__Record extracts__:
+--
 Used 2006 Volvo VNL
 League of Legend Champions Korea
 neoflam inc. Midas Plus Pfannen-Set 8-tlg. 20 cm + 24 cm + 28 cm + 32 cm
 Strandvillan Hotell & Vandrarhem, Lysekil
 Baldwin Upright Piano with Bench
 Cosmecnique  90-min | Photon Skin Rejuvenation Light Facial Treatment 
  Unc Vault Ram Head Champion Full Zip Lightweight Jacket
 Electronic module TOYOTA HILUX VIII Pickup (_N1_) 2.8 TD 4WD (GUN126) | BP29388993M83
+--
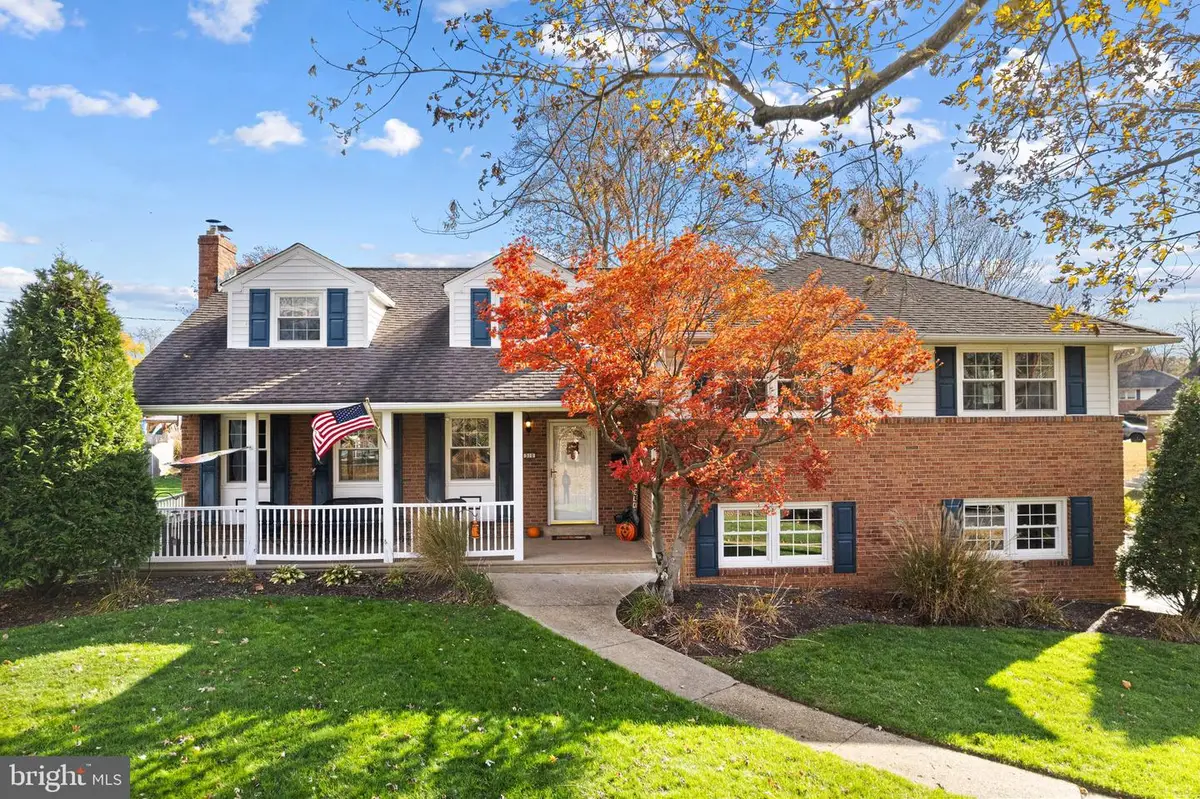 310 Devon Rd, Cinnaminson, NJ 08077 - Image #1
+--
__Directions for this task__:
Look above for the line holding "League of Legend Champions Korea" and the line holding "Electronic module TOYOTA". Retype both, and every line between them, word for word and nothing else.

__Response to this task__:
 League of Legend Champions Korea
 neoflam inc. Midas Plus Pfannen-Set 8-tlg. 20 cm + 24 cm + 28 cm + 32 cm
 Strandvillan Hotell & Vandrarhem, Lysekil
 Baldwin Upright Piano with Bench
 Cosmecnique  90-min | Photon Skin Rejuvenation Light Facial Treatment 
  Unc Vault Ram Head Champion Full Zip Lightweight Jacket
 Electronic module TOYOTA HILUX VIII Pickup (_N1_) 2.8 TD 4WD (GUN126) | BP29388993M83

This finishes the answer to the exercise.